> Data section
*** Begin section ***
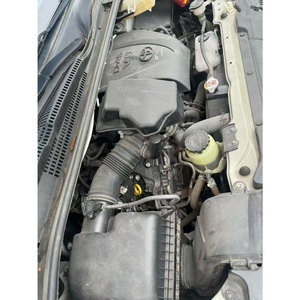 Oferta Especial Junio 2021 <span class=keywords><strong>Toyota</strong></span> <span class=keywords><strong>Hiace</strong></span> 13 Asientos Minibús <span class=keywords><strong>de</strong></span> Gasolina para Turismo, Viajes y Transporte a Hoteles, Bajo Consumo <span class=keywords><strong>de</strong></span> Combustible - Product Image 2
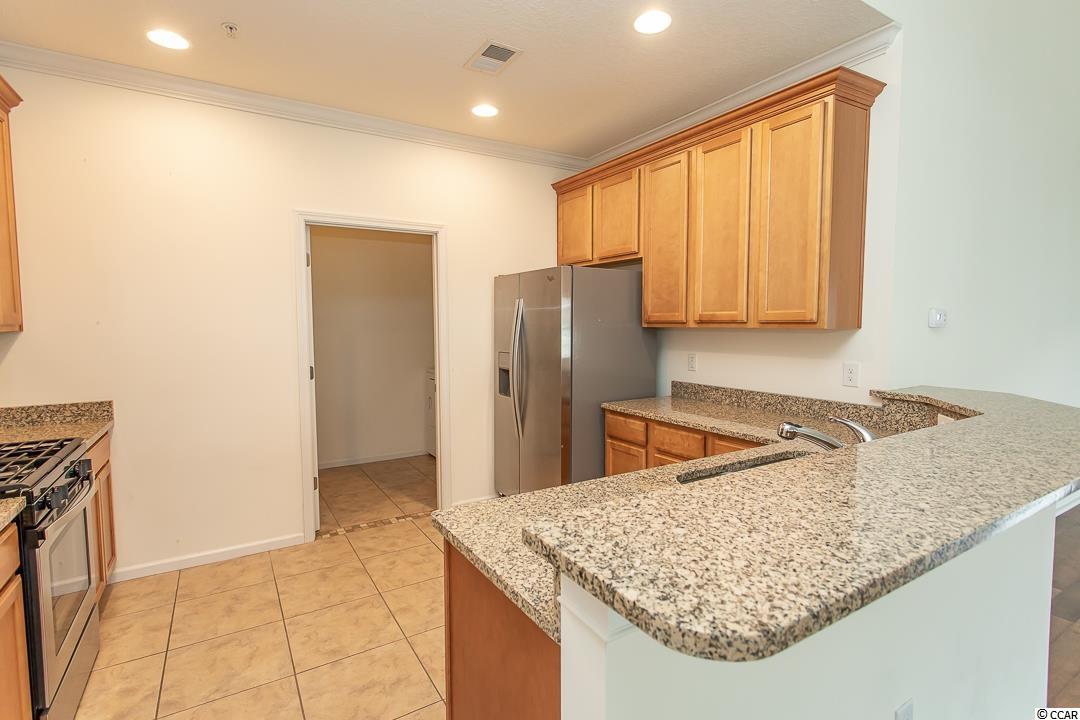 243 Moonglow Circle, Unit 202 Murrells Inlet, SC 29576 - Photo 16 of 25 Gallery Image 16
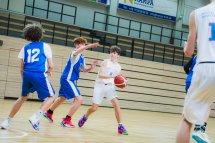 CEYBL_U14_MBA-Supi-53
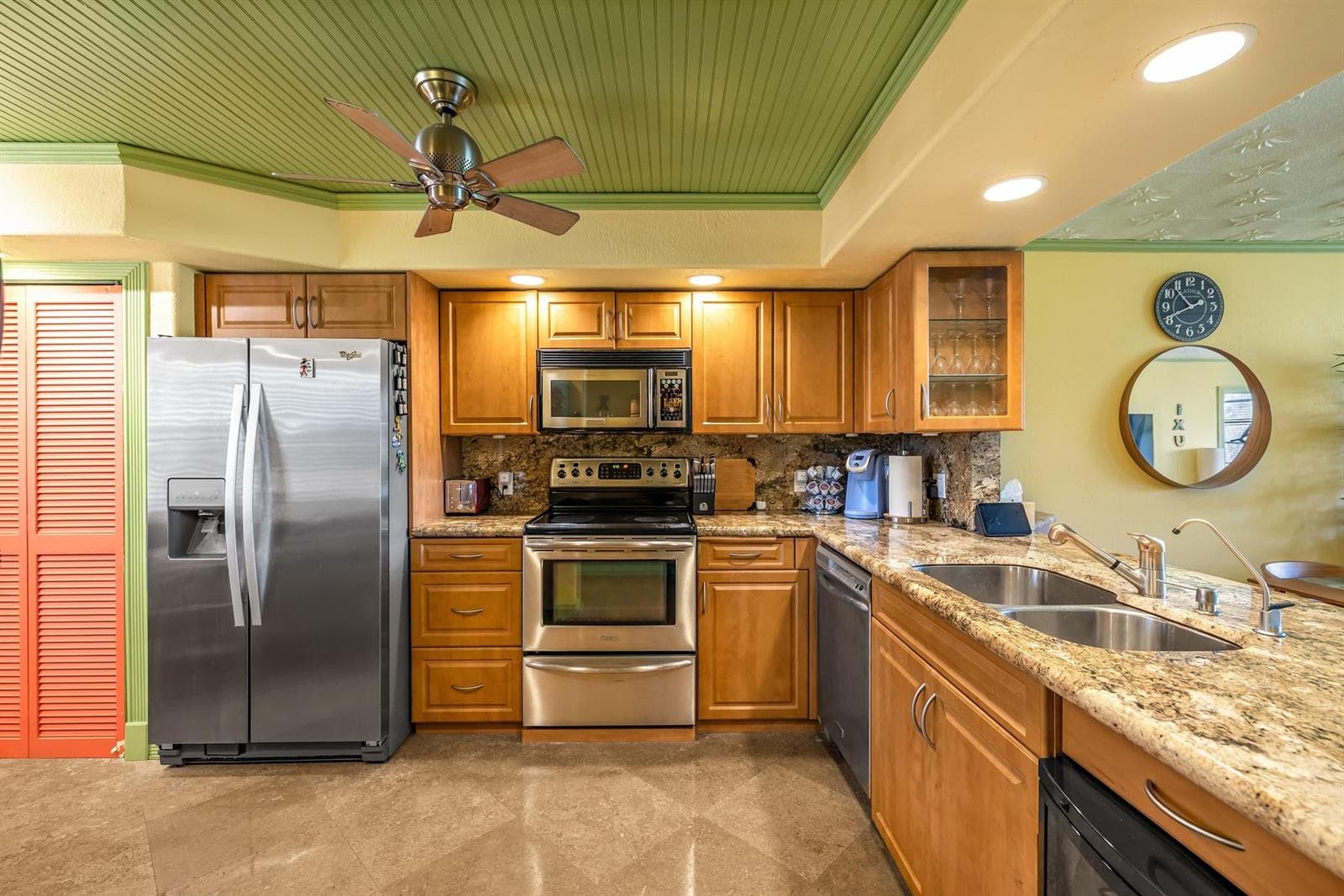 3001 S Palm Aire Drive # 105, Pompano Beach, FL 33069 — zdjęcie 4
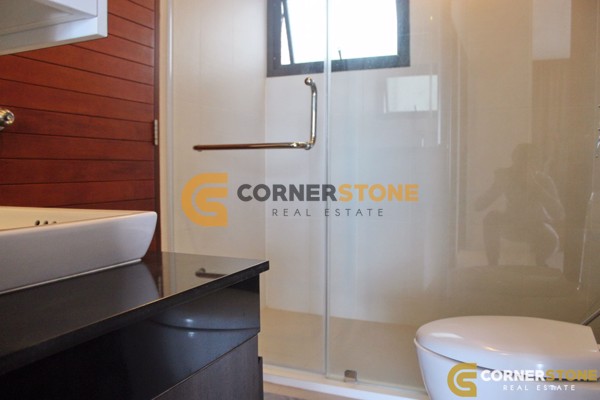 Picture of คอนโด 2 ห้องนอน ในโครงการ The Axis Condo Pattaya ตั้งอยู่ที่ พระตำหนัก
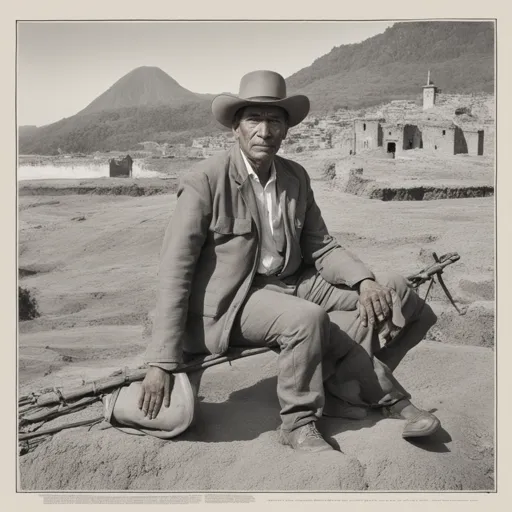 Saturnino Rustrián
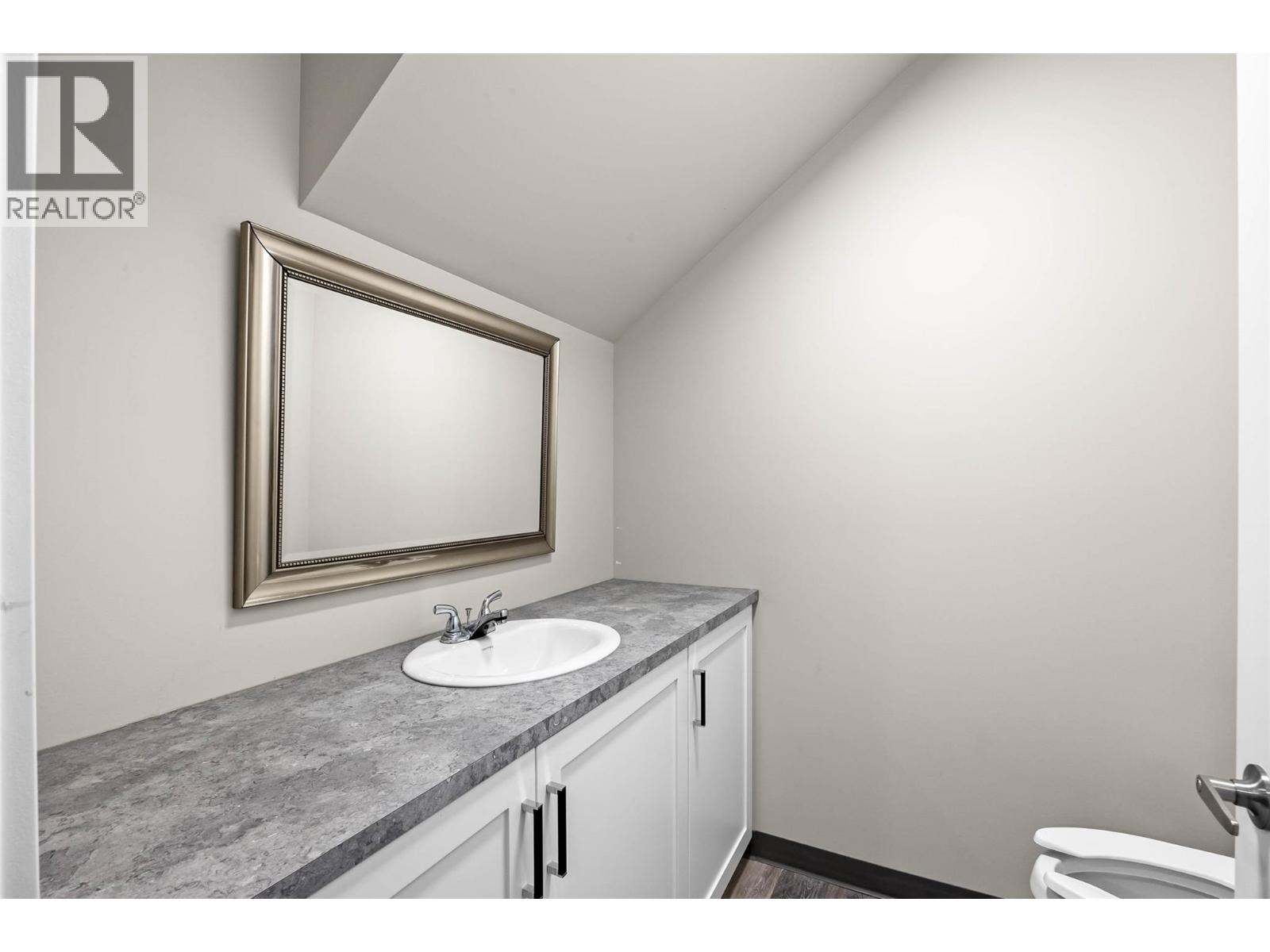 7450 Dallas Drive, Kamloops, British Columbia  V2C 6Z1 - Photo 18 - 10388169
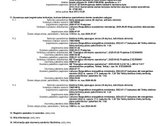 Parduodamas komercinės paskirties sklypas - nuotraukos Nr. 8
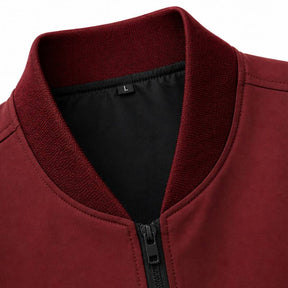 Jaqueta Masculina Valmont | URBANO'S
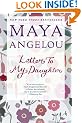 Letter to My Daughter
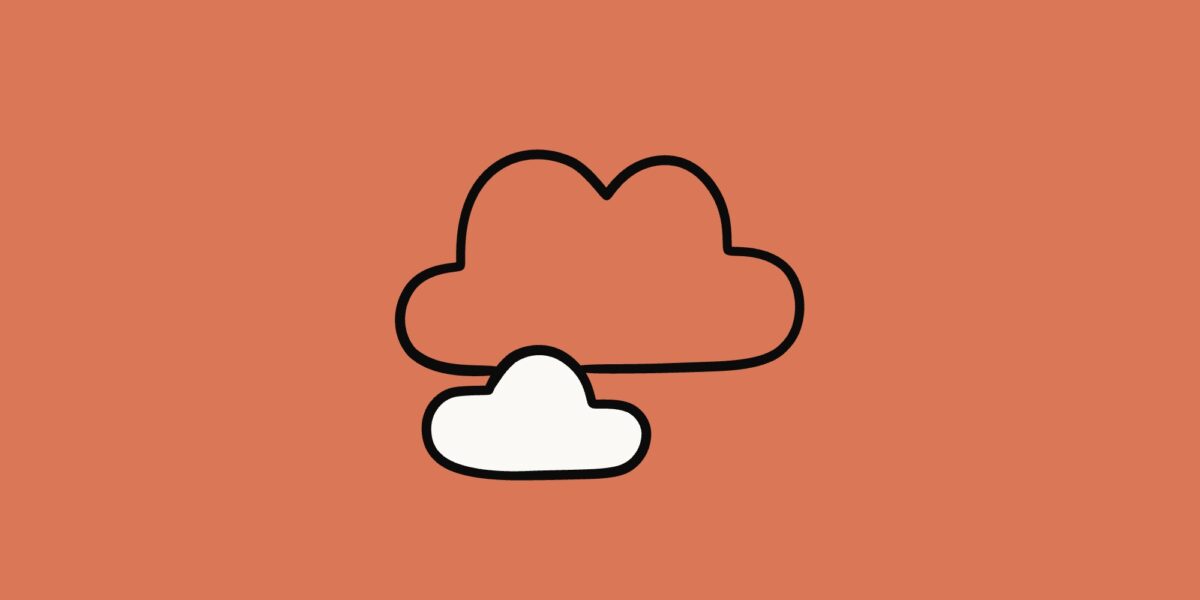 Claude Coworkがモバイル・Web対応｜EC業務を任せて回す5つの型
*** End section ***
> What is expected
Return all the material exactly, pictures excluded.

> Exercise result
 Oferta Especial Junio 2021 <span class=keywords><strong>Toyota</strong></span> <span class=keywords><strong>Hiace</strong></span> 13 Asientos Minibús <span class=keywords><strong>de</strong></span> Gasolina para Turismo, Viajes y Transporte a Hoteles, Bajo Consumo <span class=keywords><strong>de</strong></span> Combustible - Product Image 2
 243 Moonglow Circle, Unit 202 Murrells Inlet, SC 29576 - Photo 16 of 25 Gallery Image 16
 CEYBL_U14_MBA-Supi-53
 3001 S Palm Aire Drive # 105, Pompano Beach, FL 33069 — zdjęcie 4
 Picture of คอนโด 2 ห้องนอน ในโครงการ The Axis Condo Pattaya ตั้งอยู่ที่ พระตำหนัก
 Saturnino Rustrián
 7450 Dallas Drive, Kamloops, British Columbia  V2C 6Z1 - Photo 18 - 10388169
 Parduodamas komercinės paskirties sklypas - nuotraukos Nr. 8
 Jaqueta Masculina Valmont | URBANO'S
 Letter to My Daughter
 Claude Coworkがモバイル・Web対応｜EC業務を任せて回す5つの型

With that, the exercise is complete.